Georgetown University and two of its officers are the latest to find themselves in the crosshairs of an excessive fee suit.

The suit (Wilcox v. Georgetown Univ., D.D.C., No. 1:18-cv-00422), filed Feb. 23 in the U.S. District Court for the District of Columbia, alleges that rather than “…leveraging the Plans’ substantial bargaining power to benefit participants and beneficiaries, Defendants failed adequately to evaluate and monitor the Plans’ expenses and caused the Plans to pay unreasonable and excessive fees for investment and administrative services.”

‘Suit’ Able?

The plaintiffs, represented by Schneider Wallace Cottrell Konecky Wotkyns LLP and Berger & Montague, start by alleging that the defendants’ “first breach of duty here was to fail to select a suitable, single service provider to provide administrative and recordkeeping services to the Plans in exchange for a reasonable amount of compensation.”

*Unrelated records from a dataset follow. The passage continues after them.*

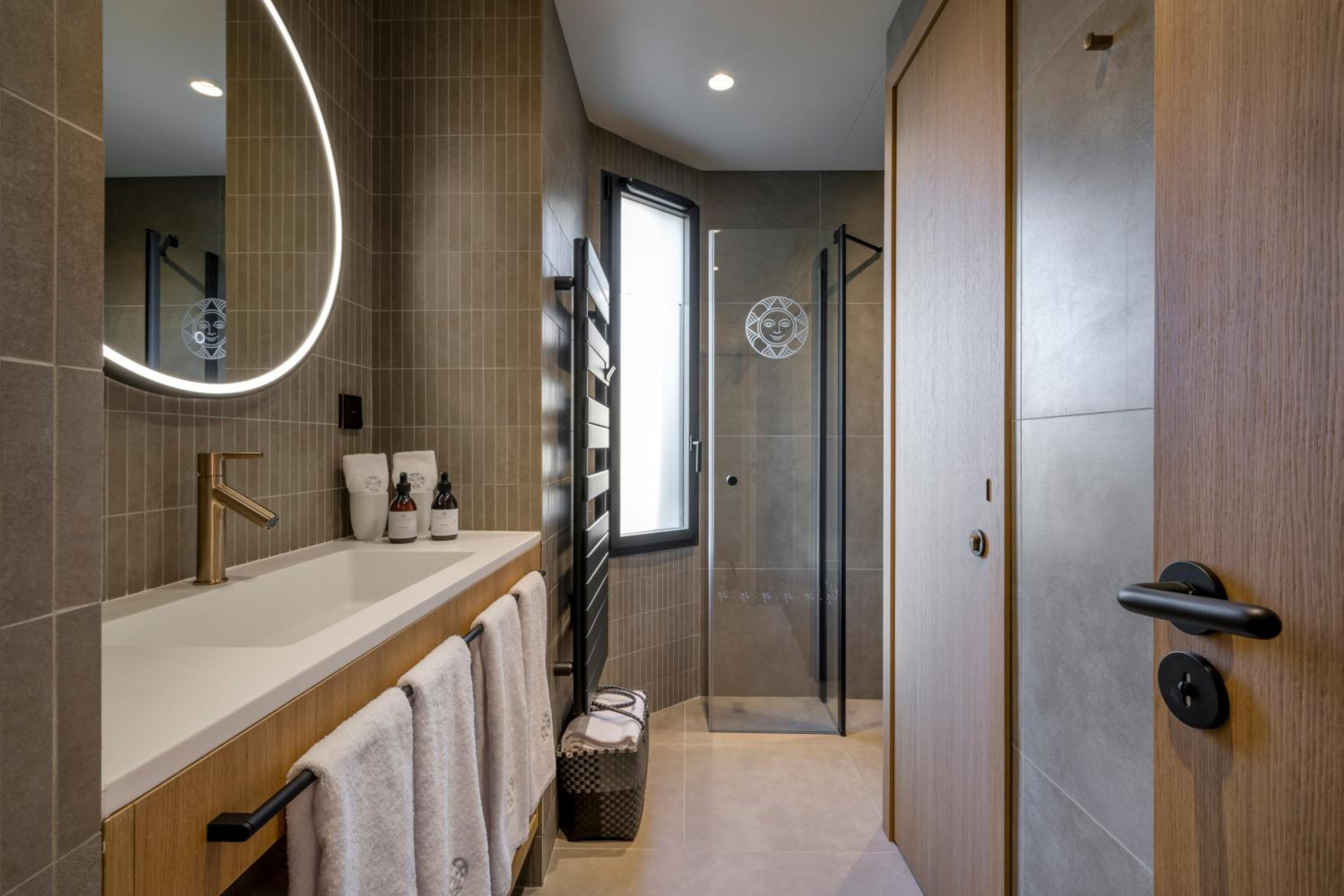 NaturLodge Premium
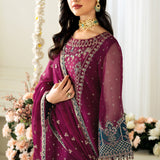 ALIZEH | AF-PS-8001-Rosie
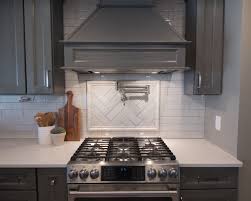 Kronospan oasis gives a classy finish with laminate texture, which turns your kitchen slabs modish. Pin On Timeless Grey Kitchen By Puglisi Renovations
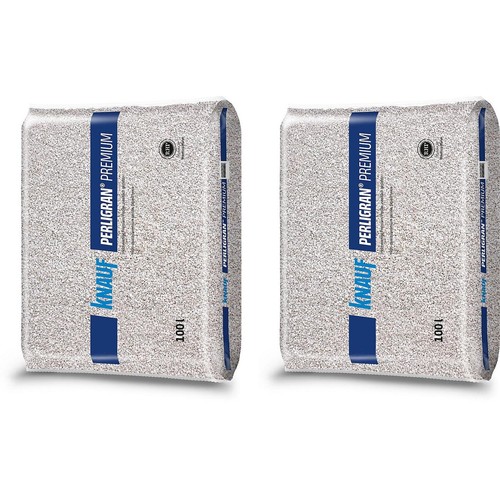 Knauf perligran premium - perligran,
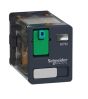 Schneider Electric RPM21FD Relay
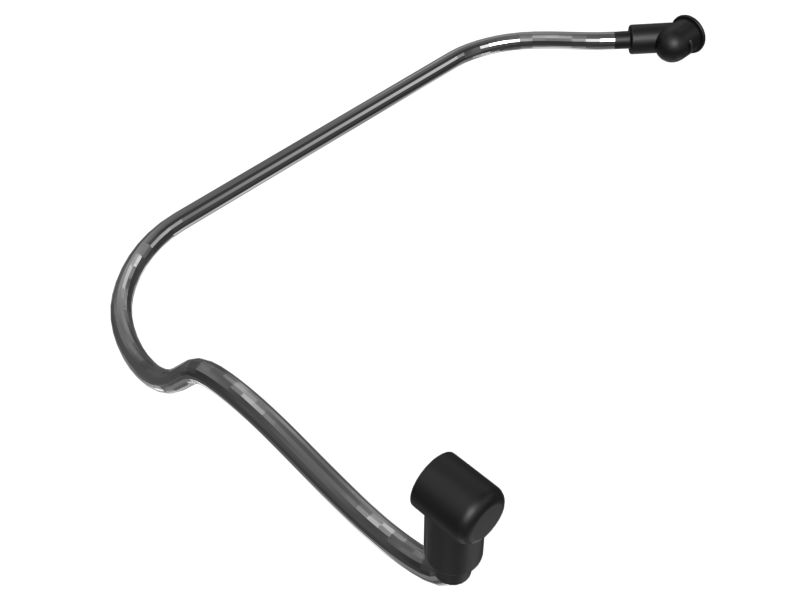 642-1193: Battery Connector Cable | CATCorp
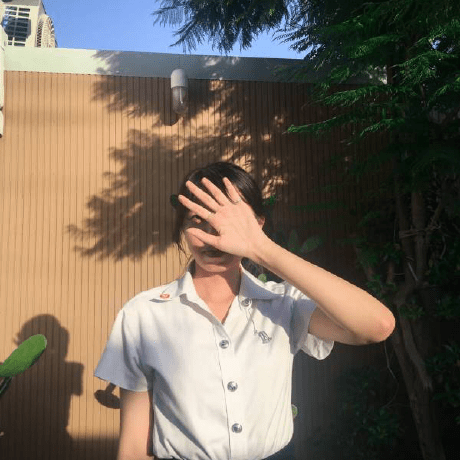 Github Ying Kanyanat Myapp - Best Space Patterns in Full HD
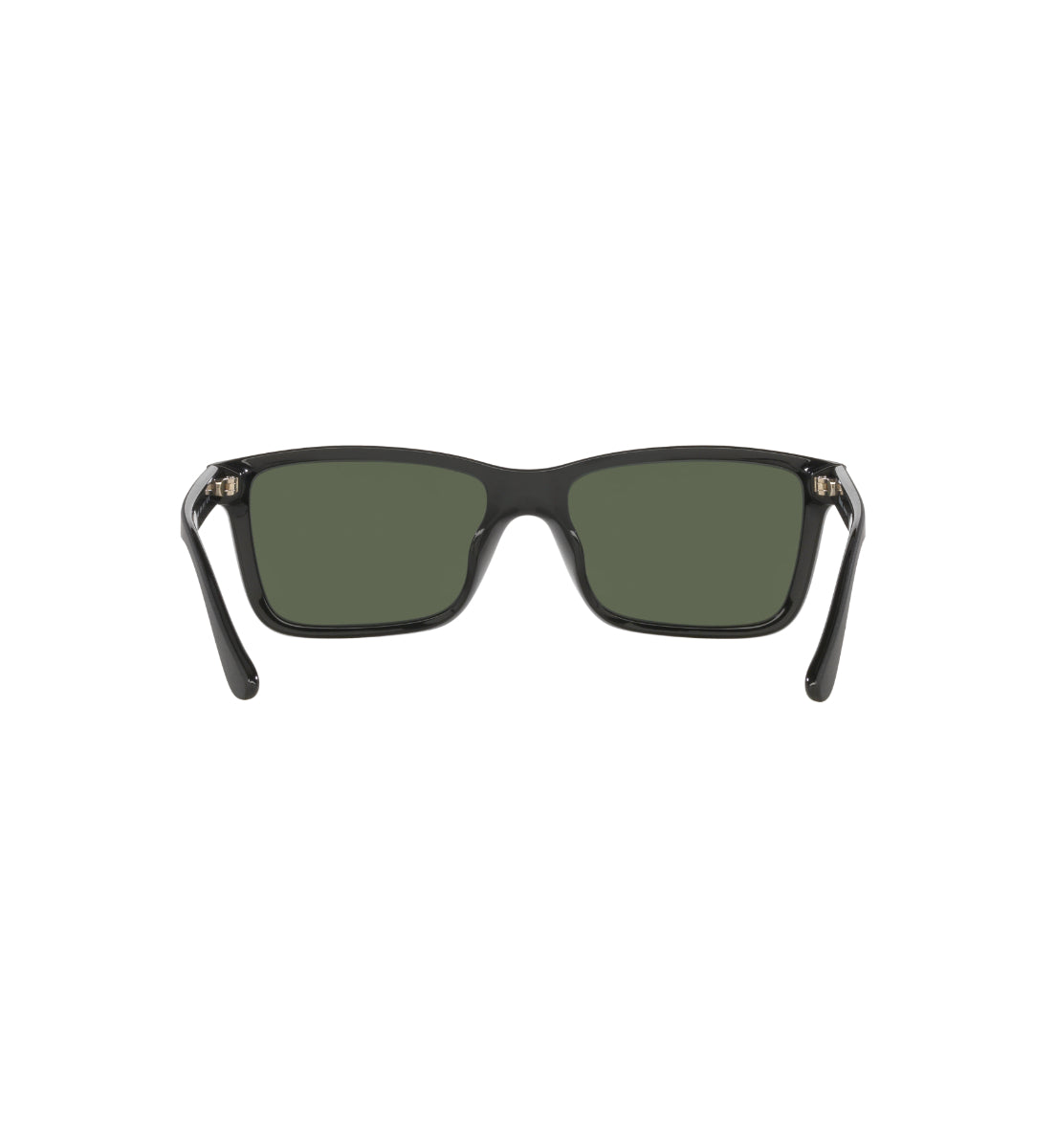 Tecnol TN4042U – Gafas de Sol para Hombre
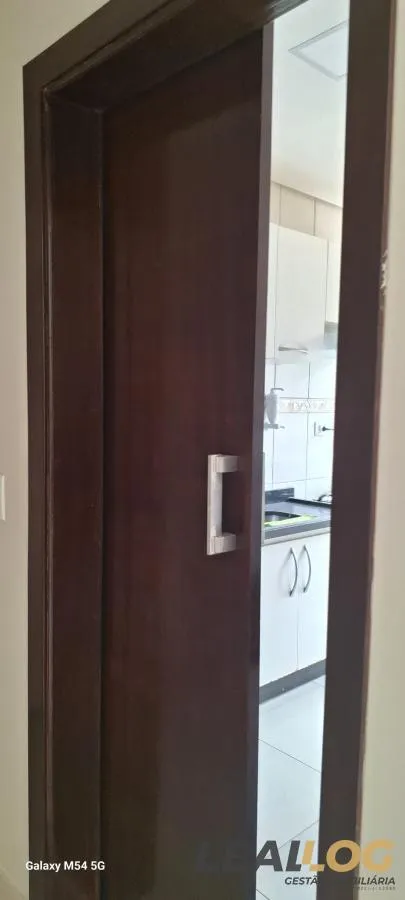 Imagens do imóveis Apartamento para Venda em Cuiabá / MT no bairro Porto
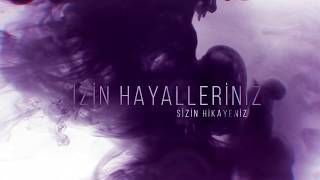 Sakarya Reklam Filmi | Sakarya Reklam Ajansı | Pırlanta Yüzük | Kuyumc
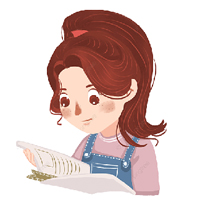 PowerPoint Hoạt động trải nghiệm 4 Tuần 29 Chân trời sáng tạo bản 1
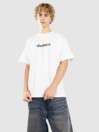 Carhartt WIP Greatest Hits T-shirt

They go on to charge that rather than negotiating a “separate, reasonable and fixed fee for recordkeeping with a single administrative provider,” the defendants “continuously retained” three different service providers: TIAA-CREF, Vanguard and Fidelity. The plaintiffs alleged that each “…supplied the Plans with a separate menu of investment choices including mutual fund share classes that charged higher fees than (i) other less expensive investment alternatives that offered the same investment strategies or (ii) less expensive share classes of the exact same investment fund, or (iii) both,” and did so via asset-based fees rather than participant-based fees. As a result, the suit claims, this meant that those fees “continued to increase as the value of their accounts increased through additional contributions and investment returns even though no additional services were being provided to Plaintiffs as their fees went up.”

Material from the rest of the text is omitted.